Néstor Kirchner (25 February 1950 – 27 October 2010) was an Argentine politician who served as the 54th President of Argentina from 25 May 2003 until 10 December 2007. He was born in Río Gallegos, and moved to La Plata to attend university. As a student, he was very politically active, but left the city and returned to the Patagonia at the start of the Dirty War.

Family[edit]

Néstor Kirchner was in the third generation of the family living at Río Gallegos. His great-grandparents had moved from Interlaken to Patagonia by the end of the 19th-century, during the big waves of immigration at that time. At the time Río Gallegos was a sparsely populated city. His grandparents established a warehouse named "Kirchner y Cuiñas", selling wood and metals. They had five sons, one of them was Néstor Carlos. Néstor worked as mechanic and at a local cinema. He developed a mail friendship with a Croatian-Chilean from Punta Arenas, María Juana Ostic. They married and had three children: Alicia, María Cristina, and Néstor Carlos Kirchner, who was named after his father.[1]

Infancy and youth[edit]

The Kirchner family moved from their home in 1955, to another house where María Ostic still lives.[1] Kirchner started elementary school the following year, and was forced to understand politics even at such early age. Because of the political turmoil of the country in those years, children were usually asked if their family was made of peronists or antiperonists, and had to be careful with their answer.[1] His teacher Digna Inés Martínez Pérez would say years later that Kirchner was a good student.[2]

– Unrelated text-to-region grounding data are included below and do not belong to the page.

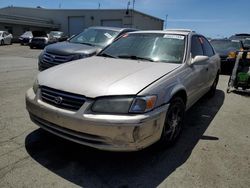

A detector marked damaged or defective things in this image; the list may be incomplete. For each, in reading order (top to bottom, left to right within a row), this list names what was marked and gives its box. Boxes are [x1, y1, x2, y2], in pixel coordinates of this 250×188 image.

dent on bumper [25, 88, 169, 151]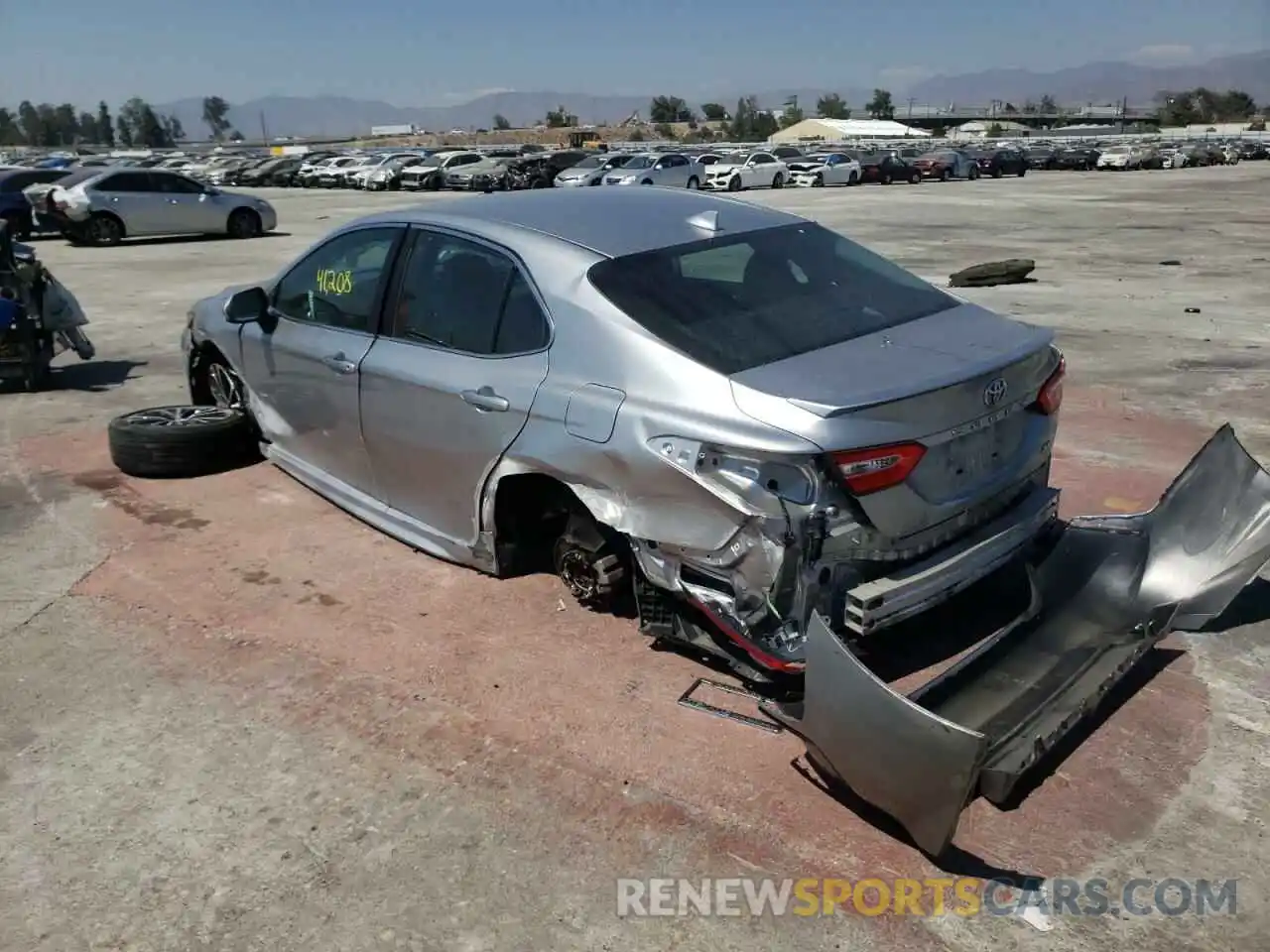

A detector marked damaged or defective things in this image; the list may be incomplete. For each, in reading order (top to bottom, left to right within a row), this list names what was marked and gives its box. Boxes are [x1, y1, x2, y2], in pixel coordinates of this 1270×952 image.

damaged tail light [1040, 355, 1064, 415]
damaged tail light [833, 442, 921, 494]
detached rear bumper [762, 424, 1270, 857]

Kirchner took part in his first political activities during high school, becoming president of the students' union. He organized a strike in support of a fired teacher during a visit of Juan Carlos Onganía to the city.[3] During this time he developed strabismus, but refused to be treated. He considered his affected eye part of his identity.[3] He could not become a teacher because of his poor diction.[3] He joined a basketball team for some time, but was not successful at that either.[3]

University studies[edit]

Kirchner moved to La Plata in 1969 at the age of 19 to study law. The country was experiencing great political turmoil at that time, with the Rosariazo and the Cordobazo leading to the end of the rule of Onganía. The university was filled with students from all over Argentina and even from neighbouring countries, and most of them were politically active. There was a strong peronist presence, but also other political persuasions, such as supporters of the Radical Civic Union, and most political topics were discussed and disputed. However, the need to lift the proscription over peronism and allow the return of Juan Domingo Perón to the country was a political idea supported by all student groups, even non-peronists.[4]

Kirchner joined the FURN (Spanish: Federación Universitaria de la Revolución Nacional), a group whose political affiliation is disputed. Some sources consider it to be a chapter of Montoneros in La Plata, while others consider that both organizations had contact and worked together on some issues, but without the FURN being part of Montoneros or directly involved in violent actions.[4] In either case, the FURN was the first peronist group that had a presence in the University of La Plata.[4] Kirchner was not one of the group's leaders, just a student among many others.[4]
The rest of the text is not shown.